# Problem
Restate all of the data exactly.

# Input records
((

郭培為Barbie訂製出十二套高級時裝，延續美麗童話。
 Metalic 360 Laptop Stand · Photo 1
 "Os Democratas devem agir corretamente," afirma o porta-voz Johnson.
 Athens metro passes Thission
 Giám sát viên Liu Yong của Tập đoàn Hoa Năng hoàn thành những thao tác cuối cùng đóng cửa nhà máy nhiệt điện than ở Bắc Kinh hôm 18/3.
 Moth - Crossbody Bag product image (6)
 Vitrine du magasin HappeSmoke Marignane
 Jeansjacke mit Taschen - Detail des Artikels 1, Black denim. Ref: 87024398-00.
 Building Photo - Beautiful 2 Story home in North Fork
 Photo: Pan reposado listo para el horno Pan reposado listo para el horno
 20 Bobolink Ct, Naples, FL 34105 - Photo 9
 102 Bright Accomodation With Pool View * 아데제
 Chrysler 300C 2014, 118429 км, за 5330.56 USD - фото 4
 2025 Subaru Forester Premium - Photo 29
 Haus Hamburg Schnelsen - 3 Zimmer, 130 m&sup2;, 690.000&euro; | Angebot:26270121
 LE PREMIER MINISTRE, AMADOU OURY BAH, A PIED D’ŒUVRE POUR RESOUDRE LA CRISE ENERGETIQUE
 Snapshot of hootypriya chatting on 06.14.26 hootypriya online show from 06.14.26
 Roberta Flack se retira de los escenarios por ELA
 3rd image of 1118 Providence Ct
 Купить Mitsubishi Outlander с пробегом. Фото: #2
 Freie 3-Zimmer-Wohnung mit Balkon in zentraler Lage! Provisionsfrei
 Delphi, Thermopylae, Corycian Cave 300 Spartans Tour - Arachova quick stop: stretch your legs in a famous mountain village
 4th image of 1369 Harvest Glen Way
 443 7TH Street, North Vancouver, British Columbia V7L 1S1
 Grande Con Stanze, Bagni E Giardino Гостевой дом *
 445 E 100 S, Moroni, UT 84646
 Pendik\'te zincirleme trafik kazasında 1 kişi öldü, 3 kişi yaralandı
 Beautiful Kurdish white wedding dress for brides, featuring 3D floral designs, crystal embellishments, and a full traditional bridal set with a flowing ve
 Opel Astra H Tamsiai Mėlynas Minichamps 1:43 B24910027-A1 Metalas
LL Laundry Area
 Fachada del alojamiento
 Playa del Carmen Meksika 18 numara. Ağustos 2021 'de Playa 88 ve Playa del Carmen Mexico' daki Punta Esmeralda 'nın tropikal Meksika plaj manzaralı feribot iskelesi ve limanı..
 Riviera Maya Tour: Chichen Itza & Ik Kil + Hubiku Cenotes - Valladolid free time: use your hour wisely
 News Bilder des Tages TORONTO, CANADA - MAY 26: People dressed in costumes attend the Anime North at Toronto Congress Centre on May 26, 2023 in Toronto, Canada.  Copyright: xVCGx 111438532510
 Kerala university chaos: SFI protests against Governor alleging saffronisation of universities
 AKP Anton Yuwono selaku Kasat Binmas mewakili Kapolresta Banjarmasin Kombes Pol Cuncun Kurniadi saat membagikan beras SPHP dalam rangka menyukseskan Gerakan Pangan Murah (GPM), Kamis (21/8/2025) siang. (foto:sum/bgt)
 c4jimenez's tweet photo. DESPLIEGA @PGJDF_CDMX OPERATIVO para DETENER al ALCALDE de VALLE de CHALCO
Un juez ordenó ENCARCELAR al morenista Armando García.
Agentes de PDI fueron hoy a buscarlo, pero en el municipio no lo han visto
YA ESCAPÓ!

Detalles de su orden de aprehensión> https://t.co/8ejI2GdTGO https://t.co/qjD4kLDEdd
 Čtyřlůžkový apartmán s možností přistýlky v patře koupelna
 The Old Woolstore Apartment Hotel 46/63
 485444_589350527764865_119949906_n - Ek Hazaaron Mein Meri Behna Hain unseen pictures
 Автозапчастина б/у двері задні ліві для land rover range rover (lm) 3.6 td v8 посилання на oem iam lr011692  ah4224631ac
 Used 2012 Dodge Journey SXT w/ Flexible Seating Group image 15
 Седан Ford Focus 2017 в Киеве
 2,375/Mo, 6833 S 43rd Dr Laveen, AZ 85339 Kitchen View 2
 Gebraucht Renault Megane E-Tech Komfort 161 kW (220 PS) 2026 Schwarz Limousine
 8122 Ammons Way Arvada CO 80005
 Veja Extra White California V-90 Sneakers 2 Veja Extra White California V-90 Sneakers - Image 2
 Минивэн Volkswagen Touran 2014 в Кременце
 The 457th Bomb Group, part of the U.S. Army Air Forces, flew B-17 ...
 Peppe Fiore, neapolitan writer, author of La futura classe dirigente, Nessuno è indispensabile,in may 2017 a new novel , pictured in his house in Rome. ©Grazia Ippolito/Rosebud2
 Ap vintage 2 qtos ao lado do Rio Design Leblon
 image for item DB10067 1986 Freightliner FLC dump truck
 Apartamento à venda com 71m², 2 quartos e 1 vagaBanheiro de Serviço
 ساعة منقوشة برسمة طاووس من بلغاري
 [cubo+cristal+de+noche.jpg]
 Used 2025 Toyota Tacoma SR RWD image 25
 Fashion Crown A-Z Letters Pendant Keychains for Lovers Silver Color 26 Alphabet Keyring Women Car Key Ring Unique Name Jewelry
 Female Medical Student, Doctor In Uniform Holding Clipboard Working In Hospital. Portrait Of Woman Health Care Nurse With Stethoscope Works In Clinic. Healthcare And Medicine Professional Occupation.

))

# Final answer
郭培為Barbie訂製出十二套高級時裝，延續美麗童話。
 Metalic 360 Laptop Stand · Photo 1
 "Os Democratas devem agir corretamente," afirma o porta-voz Johnson.
 Athens metro passes Thission
 Giám sát viên Liu Yong của Tập đoàn Hoa Năng hoàn thành những thao tác cuối cùng đóng cửa nhà máy nhiệt điện than ở Bắc Kinh hôm 18/3.
 Moth - Crossbody Bag product image (6)
 Vitrine du magasin HappeSmoke Marignane
 Jeansjacke mit Taschen - Detail des Artikels 1, Black denim. Ref: 87024398-00.
 Building Photo - Beautiful 2 Story home in North Fork
 Photo: Pan reposado listo para el horno Pan reposado listo para el horno
 20 Bobolink Ct, Naples, FL 34105 - Photo 9
 102 Bright Accomodation With Pool View * 아데제
 Chrysler 300C 2014, 118429 км, за 5330.56 USD - фото 4
 2025 Subaru Forester Premium - Photo 29
 Haus Hamburg Schnelsen - 3 Zimmer, 130 m&sup2;, 690.000&euro; | Angebot:26270121
 LE PREMIER MINISTRE, AMADOU OURY BAH, A PIED D’ŒUVRE POUR RESOUDRE LA CRISE ENERGETIQUE
 Snapshot of hootypriya chatting on 06.14.26 hootypriya online show from 06.14.26
 Roberta Flack se retira de los escenarios por ELA
 3rd image of 1118 Providence Ct
 Купить Mitsubishi Outlander с пробегом. Фото: #2
 Freie 3-Zimmer-Wohnung mit Balkon in zentraler Lage! Provisionsfrei
 Delphi, Thermopylae, Corycian Cave 300 Spartans Tour - Arachova quick stop: stretch your legs in a famous mountain village
 4th image of 1369 Harvest Glen Way
 443 7TH Street, North Vancouver, British Columbia V7L 1S1
 Grande Con Stanze, Bagni E Giardino Гостевой дом *
 445 E 100 S, Moroni, UT 84646
 Pendik\'te zincirleme trafik kazasında 1 kişi öldü, 3 kişi yaralandı
 Beautiful Kurdish white wedding dress for brides, featuring 3D floral designs, crystal embellishments, and a full traditional bridal set with a flowing ve
 Opel Astra H Tamsiai Mėlynas Minichamps 1:43 B24910027-A1 Metalas
LL Laundry Area
 Fachada del alojamiento
 Playa del Carmen Meksika 18 numara. Ağustos 2021 'de Playa 88 ve Playa del Carmen Mexico' daki Punta Esmeralda 'nın tropikal Meksika plaj manzaralı feribot iskelesi ve limanı..
 Riviera Maya Tour: Chichen Itza & Ik Kil + Hubiku Cenotes - Valladolid free time: use your hour wisely
 News Bilder des Tages TORONTO, CANADA - MAY 26: People dressed in costumes attend the Anime North at Toronto Congress Centre on May 26, 2023 in Toronto, Canada.  Copyright: xVCGx 111438532510
 Kerala university chaos: SFI protests against Governor alleging saffronisation of universities
 AKP Anton Yuwono selaku Kasat Binmas mewakili Kapolresta Banjarmasin Kombes Pol Cuncun Kurniadi saat membagikan beras SPHP dalam rangka menyukseskan Gerakan Pangan Murah (GPM), Kamis (21/8/2025) siang. (foto:sum/bgt)
 c4jimenez's tweet photo. DESPLIEGA @PGJDF_CDMX OPERATIVO para DETENER al ALCALDE de VALLE de CHALCO
Un juez ordenó ENCARCELAR al morenista Armando García.
Agentes de PDI fueron hoy a buscarlo, pero en el municipio no lo han visto
YA ESCAPÓ!

Detalles de su orden de aprehensión> https://t.co/8ejI2GdTGO https://t.co/qjD4kLDEdd
 Čtyřlůžkový apartmán s možností přistýlky v patře koupelna
 The Old Woolstore Apartment Hotel 46/63
 485444_589350527764865_119949906_n - Ek Hazaaron Mein Meri Behna Hain unseen pictures
 Автозапчастина б/у двері задні ліві для land rover range rover (lm) 3.6 td v8 посилання на oem iam lr011692  ah4224631ac
 Used 2012 Dodge Journey SXT w/ Flexible Seating Group image 15
 Седан Ford Focus 2017 в Киеве
 2,375/Mo, 6833 S 43rd Dr Laveen, AZ 85339 Kitchen View 2
 Gebraucht Renault Megane E-Tech Komfort 161 kW (220 PS) 2026 Schwarz Limousine
 8122 Ammons Way Arvada CO 80005
 Veja Extra White California V-90 Sneakers 2 Veja Extra White California V-90 Sneakers - Image 2
 Минивэн Volkswagen Touran 2014 в Кременце
 The 457th Bomb Group, part of the U.S. Army Air Forces, flew B-17 ...
 Peppe Fiore, neapolitan writer, author of La futura classe dirigente, Nessuno è indispensabile,in may 2017 a new novel , pictured in his house in Rome. ©Grazia Ippolito/Rosebud2
 Ap vintage 2 qtos ao lado do Rio Design Leblon
 image for item DB10067 1986 Freightliner FLC dump truck
 Apartamento à venda com 71m², 2 quartos e 1 vagaBanheiro de Serviço
 ساعة منقوشة برسمة طاووس من بلغاري
 [cubo+cristal+de+noche.jpg]
 Used 2025 Toyota Tacoma SR RWD image 25
 Fashion Crown A-Z Letters Pendant Keychains for Lovers Silver Color 26 Alphabet Keyring Women Car Key Ring Unique Name Jewelry
 Female Medical Student, Doctor In Uniform Holding Clipboard Working In Hospital. Portrait Of Woman Health Care Nurse With Stethoscope Works In Clinic. Healthcare And Medicine Professional Occupation.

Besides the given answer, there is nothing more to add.